Dr. Levenson says, "It’s clear that flash cameras don’t damage babies’ eyes. If they did we’d have an entire generation of blind babies, and of course, we don’t. So, flash cameras are perfectly safe for babies."

So, we’re verifying that the "baby blinded by cell phone camera flash" story is FALSE.

However, we weren't completely satisfied. There’s no question that we’re surrounded more and more by L.E.D. lighting. Everything from streetlights to traffic lights, changeable billboards, and, yes, even cell phone flashes.

We wanted to know, is this causing a slow burn to our retinas?
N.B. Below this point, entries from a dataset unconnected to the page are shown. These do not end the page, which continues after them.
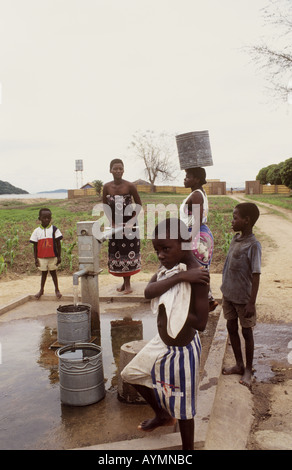 Villagers using a water pump in the village of Chembe,Cape Maclear, Lake Malawi, Malawi Stock Photo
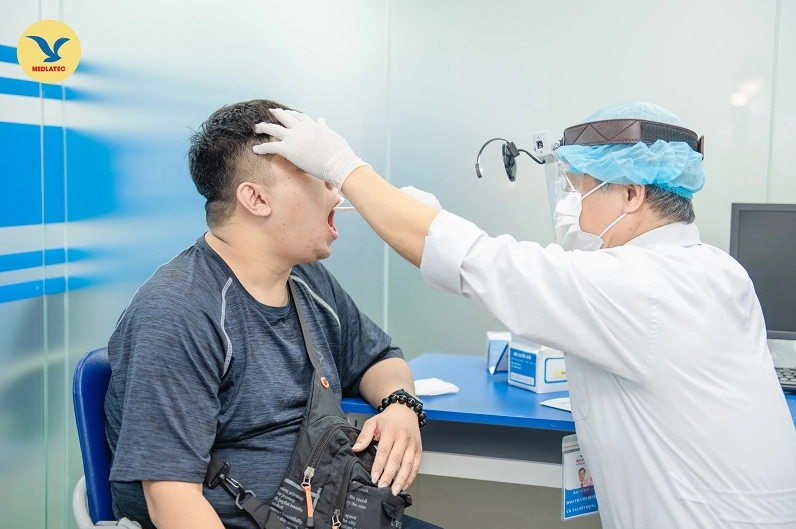Bác sĩ đang tiến hành thăm khám cổ họng cho bệnh nhân để chẩn đoán nguyên nhân đau họng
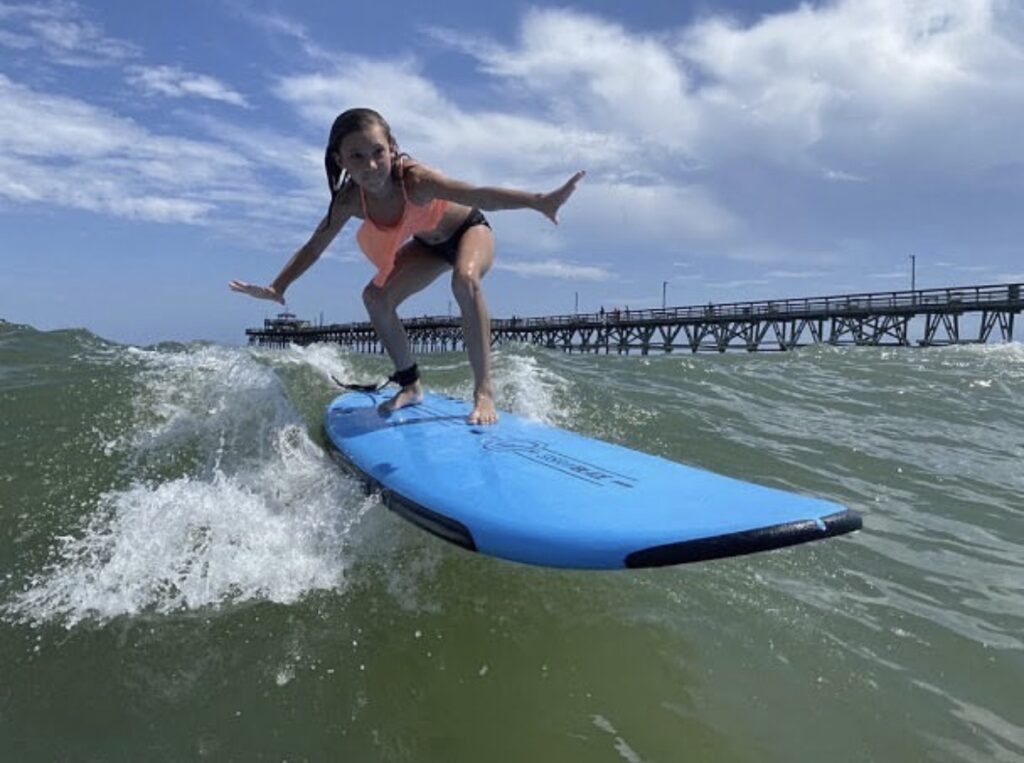 little girl surfing - Kokopelli surfing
"Incandescent light, which of course Thomas Edison developed 150 years ago, is going away and L.E.D. is replacing it. I’m not aware of any medical evidence to indicate that that poses any risk to anybody," Dr. Levenson says.

So, we’ll verify that any claim that L.E.D. lighting - no matter how common it’s becoming - is a danger is FALSE. However, Dr. Levenson did point out that looking directly at the source of a laser beam can indeed cause serious and irreparable harm to our vision.

Here’s something else, we hear a lot of talk about how today’s kids don’t play outside as much as their elders did. Dr. Levenson says that’s not just adding to America’s waistlines. "Turns out that kids who get outdoors often are much less likely to become near-sighted than people who spend a lot of time indoors in room lighting, doing close things – they’re much more likely to be near-sighted," he says.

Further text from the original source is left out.